“Happy?” She was happy? When he was steeped in misery and frustration?
“She sends her regards, my lord. She is very aware that you saved her life in more ways than one. She knows that you had nothing to do with her abduction, but she has found her feet…so to speak. She is well and…” His voice trailed away.
“And what?”
“And she wants no more to do with men of any kind.”
“I’m not any kind!” he snapped. “I’m… I’m…” What was he to say? He was the one who touched her in ways that had thrilled them both. He was the one who planned to set up her apothecary shop. And he was the one who alternated between nightmares of what might be happening to her and memories of what they had shared. “I’m her fiancé.”
“She believes—rightly, I think—that with her disappearance, the prince will not hold you to any engagement. You are free, my lord, to marry whom you wish.” The major frowned at Max. “She gave me the impression that was exactly what you wanted.”
“What?”
“To marry someone else. Lady Kimberly, I believe.”
“Kim has thrown me over.”
“My condolences.”
Max dismissed that with a sloppy jerk of his hand. “She was right. We don’t suit.” But he and Yihui always had.
Logically, he knew that was a ridiculous thought. He’d only known Yihui for two weeks, probably the most difficult weeks of both their lives. It had certainly been an impossible one for him. Together, they’d found a rhythm. He’d always been able to talk with her. She made him smile and he thought he’d brought some lightness to her.
Though, damn it, the truth was that she’d been in an impossible situation. Any man who didn’t hurt her was an improvement on her situation. So whereas he’d found her to be a delight, she had probably been grateful to survive until the next day.
“I have to speak to her,” he said. He had to see if what he felt for her was a reflection of his unsettled life or if there was genuine feeling between them. “She’s still my fiancée.”
The major’s face tightened. “My lord,” he began, then he softened. “Max, what are you about? She’s a foreigner, and you’re a duke’s son. There can be nothing between you. I came totell you that she is safe and happy. You can ask for no more than that.”
“How did you find her?”
“How is your father?”
“The same.

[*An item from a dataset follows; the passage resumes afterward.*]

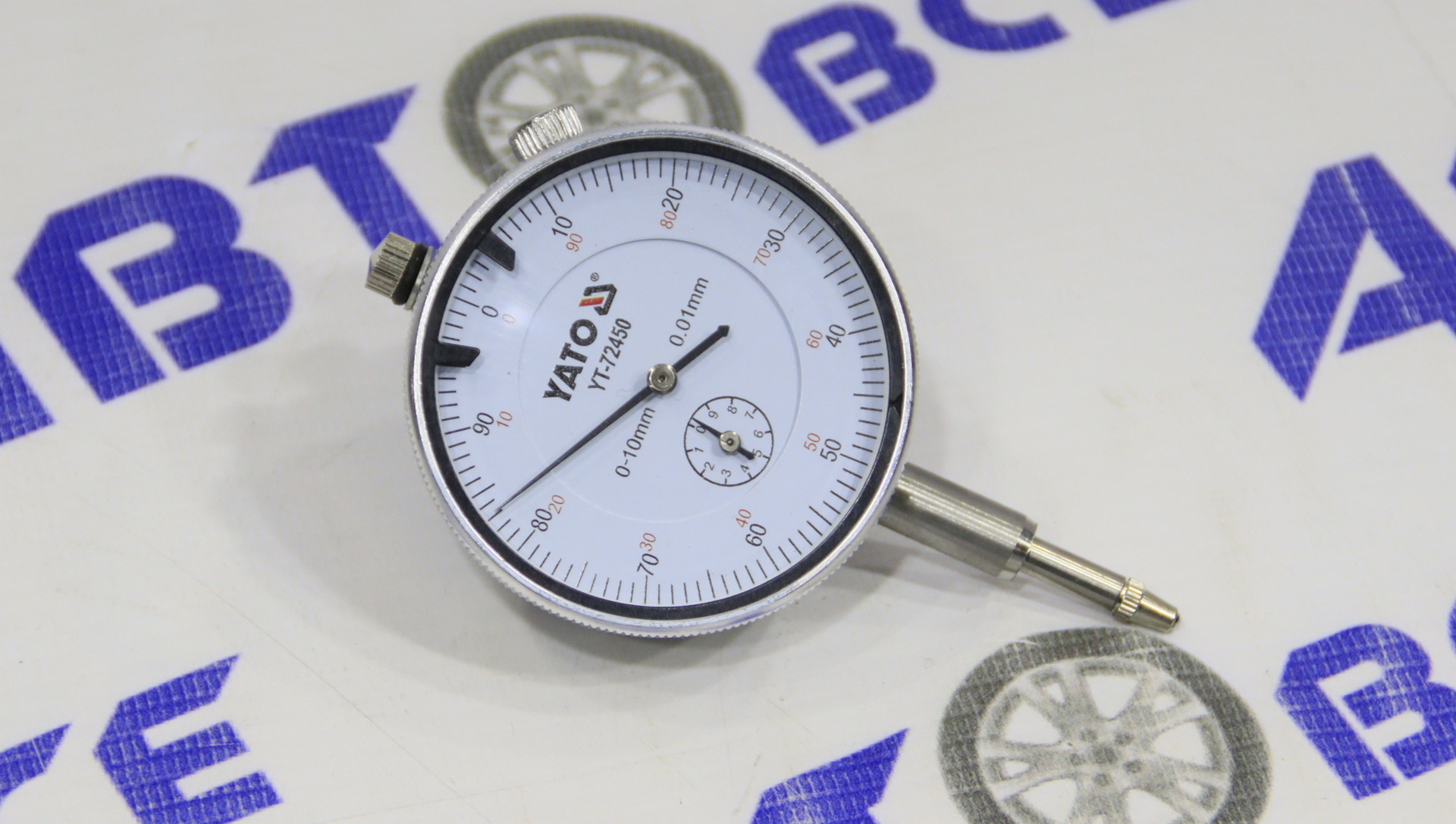 Индикатор измерительный часового типа 0-10мм YATO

By which I mean he is debilitated and furious. As far as I can tell, his mind is whole which makes it all the worse. He can think, he can want, but he cannot express himself well. The only mercy is that he tires easily.”
The major nodded even as his gaze swept across the disaster that was his father’s desk. “Do you need help with this lot?”

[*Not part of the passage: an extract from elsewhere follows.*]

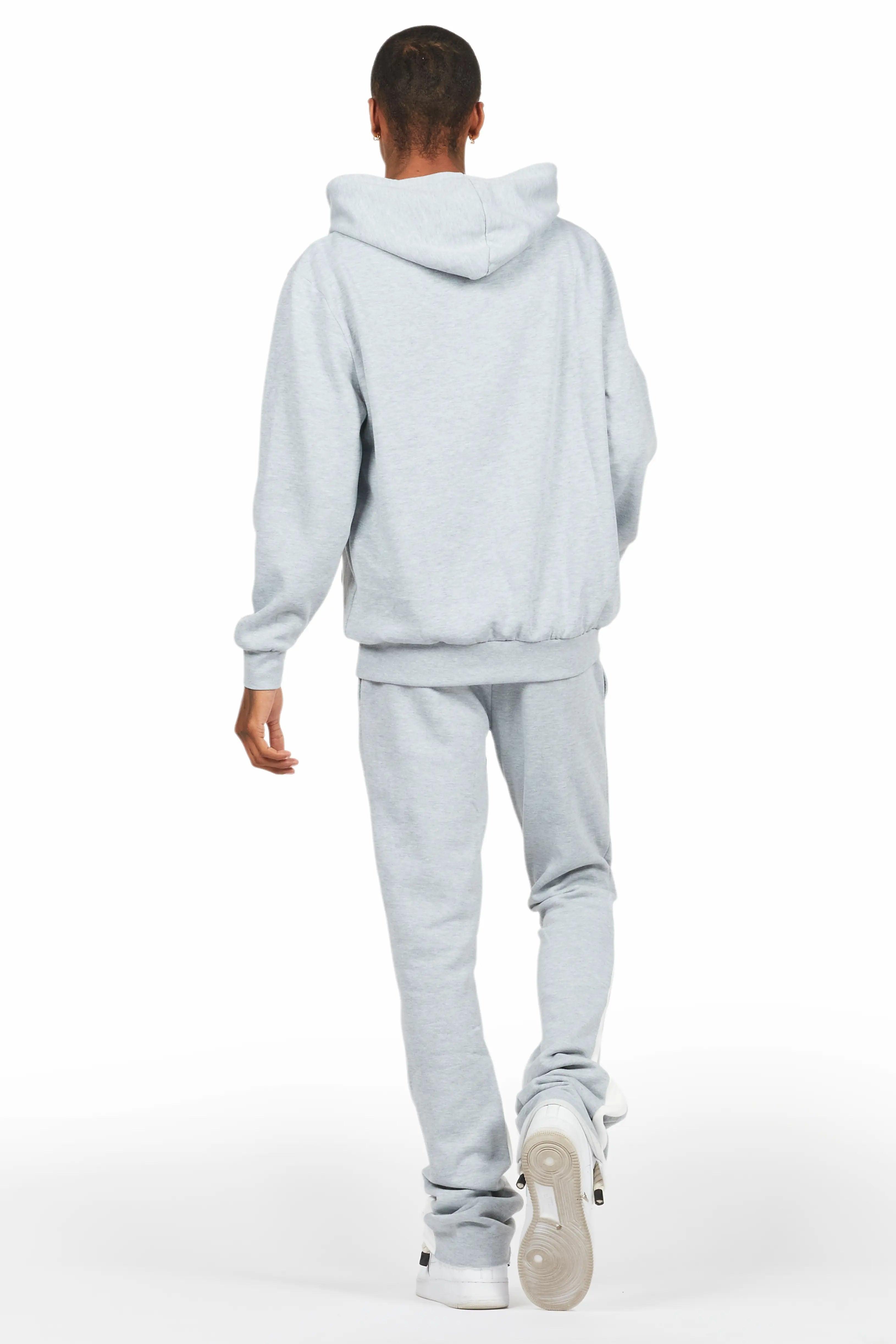 Briggs Heather Grey Hoodie/Stacked Flare Track Set Male Product Image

“This?” he asked and pointed at the piles of treaties, proclamations, and whatnot. All of his father’s most important political maneuvering. “It can go to the devil, for all I care.” He’d never enjoyed his father’s politics and couldn’t care less about them now. “But this lot…” He pulled up one stack of unopened mail from their various properties. “This shall require a man with a steady hand, clear head, and a mind for figures.” Unfortunately, he seriously doubted he was such a man. He understood it, could eventually sort through it, but the sheer volume of work defeated him.

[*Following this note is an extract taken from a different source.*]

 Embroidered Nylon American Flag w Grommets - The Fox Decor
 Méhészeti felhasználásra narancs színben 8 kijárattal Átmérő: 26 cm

He poured himself another glass.
“You need help with it, my lord.”
“Do you know anyone?” He knew the major was too busy with his work for Lord Benedict to spare the time.
“I might—”
“The person you find can’t be political. The last thing I want is one of my father’s cronies pressuring me or anyone who works for me—”
“I know of a man. He’s common but brilliant with numbers. Don’t know anything about his education, but he was damned brilliant in the army.”
“What did he do?”
“Quartermaster, mostly, but not in the usual way.”
“What does that mean?”
“He found things that weren’t there, stopped things from going astray, and never failed to have another plan with things went bollocks.”